In 1846, the American James Clyman wrote that Sutter "keeps 600 to 800 Indians in a complete state of Slavery."
Despite his promises to the Mexican government, Sutter was hospitable to American settlers entering the region, and provided an impetus for many of them to settle there. The hundreds of thousands of acres which these men took from the Native Americans had been an important source of food and resources. As the White settlers were ranching two million head of livestock, shooting wild game in enormous numbers, and replacing wilderness with wheat fields, available food for Indians in the region diminished. In response, some Indians took to raiding the cattle of White ranchers. In August 1846, an article in The Californian declared that in respect to California Indians, "The only effectual means of stopping inroads upon the property of the country, will be to attack them in their villages."
Incident
On February 28, 1847, sixteen Mill Creek men petitioned US Army captain Edward M. Kern for assistance against local Indians so that they would not "be forced to abandon our farms and leave our property perhaps something worse." Captain Kern quickly marched up the valley with twenty men to "chastise" the Indians. There he met up with Sutter, who had assembled thirty men of his own from among the local White settlers.

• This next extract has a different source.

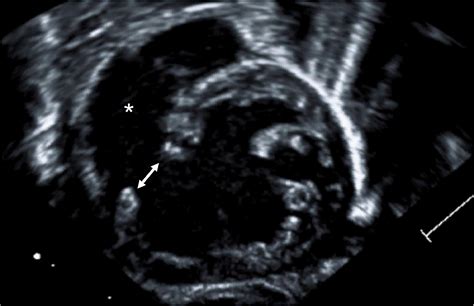 Imaging of Double Inlet Left Ventricle - Seminars in Thoracic & Cardiovascular Surgery ...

On March 23, 1847, Captain Kern and Sutter took these men into the upper Sacramento Valley. From there the led three separate attacks in which twenty Indians were killed, while Kern and Sutter did not lose a single man.
Repercussions
None of the men faced any repercussions for their actions. Captain Kern claimed in a letter to Commander Joseph B. Hull that his attacks had convinced the Indians to stop taking cattle stock from the Americans.
Aftermath
On April 22, 1850, the fledgling California state legislature passed the "Act for the Government and Protection of Indians," legalizing the kidnapping and forced servitude of Indians by White settlers. In 1851, the civilian governor of California declared, "That a war of extermination will continue to be waged ... until the Indian race becomes extinct, must be expected." This expectation soon found its way into law. An 1851 legislative measure not only gave settlers the right to organize lynch mobs to kill Indians, but allowed them to submit their expenses to the government. By 1852 the state had authorized over a million dollars in such claims.
In 1856, a San Francisco Bulletin editorial stated, "Extermination is the quickest and cheapest remedy, and effectually prevents all other difficulties when an outbreak [of Indian violence] occurs." In 1860 the legislature passed a law expanding the age and condition of Indians available for forced slavery. A Sacramento Daily Union article of the time accused high-pressure lobbyists interested in profiting off enslaved Indians of pushing the law through, gave examples of how wealthy individuals had abused the law to acquire Indian slaves from the reservations, and stated, "The Act authorizes as complete a system of slavery, without any of the checks and wholesome restraints of slavery, as ever was devised."
On April 27, 1863, five months after President Abraham Lincoln's Emancipation Proclamation, California outlawed the enslavement of Native Americans. However, slavery and forced labor continued under the name of "apprenticeship" and other euphemisms at least through 1874.